Natural Language Processing
So far, we have just taught the computer to see objects and even classify them among many other different classes. This is like a small child learning to utter a few nouns. Instead of only giving labels and quantities, we need sentences with proper meanings. Now the computer has to learn from both pictures and natural sentences. Natural Language Processing is a branch of AI that can understand and deliver human-readable sentences. So, we will combine our computer vision model with NLP to get the desired result. NLP generally employs machine learning algorithms. They tend to learn things from patterns and large corpora that contain collections of sentences. Algorithms like these can do the trick.
· Support Vector Machine (SVM)
· Bayesian Network
· Neural Networks
RNNs and LSTMs are the two most commonly used networks within neural networks. They work differently; the network takes the input, which was the previous layer’s output. In this way, it keeps track of the history and, on that basis, continues to produce sentences. You can see the outputs by computer vision models in the figures.

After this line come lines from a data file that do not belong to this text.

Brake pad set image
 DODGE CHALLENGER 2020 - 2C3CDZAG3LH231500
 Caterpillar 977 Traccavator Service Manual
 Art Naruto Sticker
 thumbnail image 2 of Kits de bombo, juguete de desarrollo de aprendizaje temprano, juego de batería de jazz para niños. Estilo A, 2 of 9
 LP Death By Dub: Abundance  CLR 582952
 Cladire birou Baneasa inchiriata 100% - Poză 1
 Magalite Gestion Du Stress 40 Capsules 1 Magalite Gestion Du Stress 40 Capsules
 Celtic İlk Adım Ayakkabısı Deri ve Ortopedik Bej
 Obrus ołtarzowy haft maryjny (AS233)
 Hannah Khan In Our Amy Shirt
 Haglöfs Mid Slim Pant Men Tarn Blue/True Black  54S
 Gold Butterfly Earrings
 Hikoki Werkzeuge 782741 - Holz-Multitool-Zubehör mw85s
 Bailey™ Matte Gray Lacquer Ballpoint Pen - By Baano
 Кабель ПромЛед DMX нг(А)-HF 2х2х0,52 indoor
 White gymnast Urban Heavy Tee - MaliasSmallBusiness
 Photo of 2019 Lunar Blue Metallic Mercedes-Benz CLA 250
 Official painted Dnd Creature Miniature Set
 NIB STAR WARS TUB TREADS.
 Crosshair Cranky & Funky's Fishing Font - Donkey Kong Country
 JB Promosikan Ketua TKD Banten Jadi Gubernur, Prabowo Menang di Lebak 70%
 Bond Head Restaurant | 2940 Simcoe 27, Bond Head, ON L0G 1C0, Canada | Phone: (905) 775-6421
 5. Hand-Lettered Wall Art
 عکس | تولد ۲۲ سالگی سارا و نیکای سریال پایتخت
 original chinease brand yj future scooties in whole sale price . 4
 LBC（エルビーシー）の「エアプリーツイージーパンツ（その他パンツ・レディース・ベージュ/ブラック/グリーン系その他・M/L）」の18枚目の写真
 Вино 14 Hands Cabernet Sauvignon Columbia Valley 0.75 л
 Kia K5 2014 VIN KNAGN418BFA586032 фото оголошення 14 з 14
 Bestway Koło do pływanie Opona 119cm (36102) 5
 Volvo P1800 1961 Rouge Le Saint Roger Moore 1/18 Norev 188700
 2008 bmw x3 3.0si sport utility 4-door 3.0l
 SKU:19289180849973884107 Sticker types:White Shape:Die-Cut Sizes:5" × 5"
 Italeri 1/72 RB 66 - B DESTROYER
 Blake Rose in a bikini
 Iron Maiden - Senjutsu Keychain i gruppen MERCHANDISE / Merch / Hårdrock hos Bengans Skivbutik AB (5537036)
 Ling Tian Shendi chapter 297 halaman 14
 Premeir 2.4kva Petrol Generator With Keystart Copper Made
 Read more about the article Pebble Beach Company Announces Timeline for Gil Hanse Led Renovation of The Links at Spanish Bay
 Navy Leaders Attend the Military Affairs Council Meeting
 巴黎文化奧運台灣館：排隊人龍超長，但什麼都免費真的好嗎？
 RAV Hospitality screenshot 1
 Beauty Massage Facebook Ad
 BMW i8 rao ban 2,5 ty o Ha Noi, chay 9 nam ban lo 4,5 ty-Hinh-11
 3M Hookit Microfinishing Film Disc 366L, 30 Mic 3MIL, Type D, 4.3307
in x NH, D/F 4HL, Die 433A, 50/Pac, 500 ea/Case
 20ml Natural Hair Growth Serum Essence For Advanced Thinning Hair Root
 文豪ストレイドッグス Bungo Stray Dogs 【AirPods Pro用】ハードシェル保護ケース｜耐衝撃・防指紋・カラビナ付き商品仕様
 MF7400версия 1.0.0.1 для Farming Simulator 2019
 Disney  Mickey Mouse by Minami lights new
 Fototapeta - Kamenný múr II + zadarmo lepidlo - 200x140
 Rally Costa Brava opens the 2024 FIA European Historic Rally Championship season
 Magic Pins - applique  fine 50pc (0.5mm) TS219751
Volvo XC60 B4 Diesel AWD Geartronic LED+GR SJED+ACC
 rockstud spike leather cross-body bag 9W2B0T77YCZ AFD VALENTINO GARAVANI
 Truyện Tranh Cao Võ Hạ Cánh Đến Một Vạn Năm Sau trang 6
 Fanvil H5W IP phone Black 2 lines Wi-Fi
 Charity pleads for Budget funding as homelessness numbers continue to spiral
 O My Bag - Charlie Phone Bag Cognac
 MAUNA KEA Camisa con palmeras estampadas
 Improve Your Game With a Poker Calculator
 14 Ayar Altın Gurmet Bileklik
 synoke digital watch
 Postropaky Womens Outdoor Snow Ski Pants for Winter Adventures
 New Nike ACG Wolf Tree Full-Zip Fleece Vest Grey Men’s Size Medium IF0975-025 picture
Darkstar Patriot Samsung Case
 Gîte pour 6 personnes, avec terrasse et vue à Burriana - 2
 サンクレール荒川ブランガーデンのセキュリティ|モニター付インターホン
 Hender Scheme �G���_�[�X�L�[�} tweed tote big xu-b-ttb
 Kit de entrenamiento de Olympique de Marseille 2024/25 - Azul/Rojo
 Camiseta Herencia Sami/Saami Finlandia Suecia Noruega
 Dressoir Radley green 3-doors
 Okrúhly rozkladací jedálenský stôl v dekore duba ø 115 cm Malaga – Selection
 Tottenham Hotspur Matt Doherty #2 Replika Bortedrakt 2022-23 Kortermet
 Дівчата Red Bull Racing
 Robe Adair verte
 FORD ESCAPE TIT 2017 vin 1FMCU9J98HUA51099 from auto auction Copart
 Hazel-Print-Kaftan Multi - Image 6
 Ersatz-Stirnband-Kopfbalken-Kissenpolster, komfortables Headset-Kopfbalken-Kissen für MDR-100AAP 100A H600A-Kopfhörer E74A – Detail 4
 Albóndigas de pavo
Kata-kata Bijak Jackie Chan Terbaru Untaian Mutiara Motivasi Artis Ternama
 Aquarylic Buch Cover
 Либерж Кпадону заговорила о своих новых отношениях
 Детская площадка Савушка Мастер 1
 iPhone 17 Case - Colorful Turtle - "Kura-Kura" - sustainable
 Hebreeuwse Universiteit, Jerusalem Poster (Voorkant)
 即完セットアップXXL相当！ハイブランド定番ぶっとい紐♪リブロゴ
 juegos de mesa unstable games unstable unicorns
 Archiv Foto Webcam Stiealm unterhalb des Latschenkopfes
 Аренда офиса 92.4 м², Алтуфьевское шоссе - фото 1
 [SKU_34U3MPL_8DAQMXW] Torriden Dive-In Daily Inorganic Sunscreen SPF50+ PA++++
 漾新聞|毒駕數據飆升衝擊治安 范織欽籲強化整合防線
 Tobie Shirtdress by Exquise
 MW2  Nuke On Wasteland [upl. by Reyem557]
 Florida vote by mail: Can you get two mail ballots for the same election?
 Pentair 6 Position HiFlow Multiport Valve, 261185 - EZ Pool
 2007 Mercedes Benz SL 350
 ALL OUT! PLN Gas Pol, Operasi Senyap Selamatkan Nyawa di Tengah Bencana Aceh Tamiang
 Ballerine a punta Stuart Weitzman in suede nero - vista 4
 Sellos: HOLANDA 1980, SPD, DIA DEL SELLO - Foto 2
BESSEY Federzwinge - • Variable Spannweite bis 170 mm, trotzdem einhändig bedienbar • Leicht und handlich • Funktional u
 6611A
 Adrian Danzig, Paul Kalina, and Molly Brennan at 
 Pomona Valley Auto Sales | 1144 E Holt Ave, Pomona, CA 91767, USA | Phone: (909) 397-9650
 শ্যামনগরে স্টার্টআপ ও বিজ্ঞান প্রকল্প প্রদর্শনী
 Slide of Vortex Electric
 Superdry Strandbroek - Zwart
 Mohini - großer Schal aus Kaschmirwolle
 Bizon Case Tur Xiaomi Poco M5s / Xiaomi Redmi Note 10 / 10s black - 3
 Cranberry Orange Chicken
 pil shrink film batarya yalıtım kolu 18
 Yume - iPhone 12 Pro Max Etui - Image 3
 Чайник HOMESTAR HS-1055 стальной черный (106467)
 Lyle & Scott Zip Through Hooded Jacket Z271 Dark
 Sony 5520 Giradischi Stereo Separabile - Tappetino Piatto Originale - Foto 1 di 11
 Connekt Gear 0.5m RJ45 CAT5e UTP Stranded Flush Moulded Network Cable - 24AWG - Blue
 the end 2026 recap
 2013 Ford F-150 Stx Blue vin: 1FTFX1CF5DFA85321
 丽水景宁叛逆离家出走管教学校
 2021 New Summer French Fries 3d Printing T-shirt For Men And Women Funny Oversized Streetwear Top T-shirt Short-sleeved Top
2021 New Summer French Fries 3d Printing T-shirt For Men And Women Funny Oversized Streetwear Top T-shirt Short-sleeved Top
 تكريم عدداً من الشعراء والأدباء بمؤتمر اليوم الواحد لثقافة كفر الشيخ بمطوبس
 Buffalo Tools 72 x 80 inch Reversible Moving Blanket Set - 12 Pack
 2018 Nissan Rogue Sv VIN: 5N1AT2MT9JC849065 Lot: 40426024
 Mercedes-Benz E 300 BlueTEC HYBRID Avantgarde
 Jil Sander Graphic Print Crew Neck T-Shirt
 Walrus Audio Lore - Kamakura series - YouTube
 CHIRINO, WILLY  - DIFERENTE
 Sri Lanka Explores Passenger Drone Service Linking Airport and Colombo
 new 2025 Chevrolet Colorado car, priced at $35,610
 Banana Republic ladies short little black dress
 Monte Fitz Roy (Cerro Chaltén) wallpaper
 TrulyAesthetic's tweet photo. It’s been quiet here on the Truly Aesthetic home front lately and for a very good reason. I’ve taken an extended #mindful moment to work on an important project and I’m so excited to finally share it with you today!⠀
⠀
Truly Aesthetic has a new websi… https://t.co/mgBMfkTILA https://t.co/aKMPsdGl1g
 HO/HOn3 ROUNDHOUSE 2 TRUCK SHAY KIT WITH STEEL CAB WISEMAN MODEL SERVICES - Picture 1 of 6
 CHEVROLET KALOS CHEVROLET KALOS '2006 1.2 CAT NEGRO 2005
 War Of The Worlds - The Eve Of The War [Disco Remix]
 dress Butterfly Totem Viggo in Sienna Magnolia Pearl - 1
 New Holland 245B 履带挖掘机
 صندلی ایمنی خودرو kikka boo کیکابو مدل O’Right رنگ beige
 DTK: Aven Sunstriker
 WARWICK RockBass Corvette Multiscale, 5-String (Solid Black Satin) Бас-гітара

Top Technologies Powering Computer Vision
Our intuition is that we will follow these steps, and the computer will be able to see images and understand. Still, many obstacles need to be overcome, among them several programming languages to choose from, how much computation power we need, and how to monitor our progress overtraining.
· Python
· Google Colaboratory
· Monitoring Tools
Python
Python ranks the most popular and widely-used programming language for machine learning tasks. It is used for ML and in data science and web development. It provides concise and readable code where complex algorithms can be written in a single line of code. Developers can put their effort into solving an ML problem instead of focussing on syntax. Unlike python, there are other languages like C++, Java, JavaScript, and R. These can also be used for ML.
Google Colaboratory
A Google tool allows anybody to write and run Python code in a web browser and apply vector-based libraries like NumPy for machine learning and data analysis. You will be granted 12 GB of high-performance GPUs and free storage space for each 8-hour session. That would suffice for educational reasons.
Monitoring Tools
Like DevOps, we also need MLOps to monitor ML models in production. We need tools to compare several models and large datasets to see which one is better and where it falls short. Monitoring tools like Neptune, Arize, and Amazon SageMaker are widely used.
Conclusion
It seems very clear that computer vision will be a great part of our lives in the coming years. It still had a long way to go. We came from 0–3; now we need to go further ahead so a computer can recognize the beauty of nature or understand a special occasion. When machines can see, doctors and nurses will have an extra pair of tireless eyes to help them diagnose and take care of patients. Cars are becoming safer and smarter on the road. Robots will help rescue trapped and wounded people in disaster zones, not just humans. We will discover new species and better materials in places that humans cannot reach. This will be achieved little by little as we give sight to the machines.
We want a computer to be able to recognize the beauty of nature or understand a special occasion. The quest to give computers visual intelligence and create a better future continues.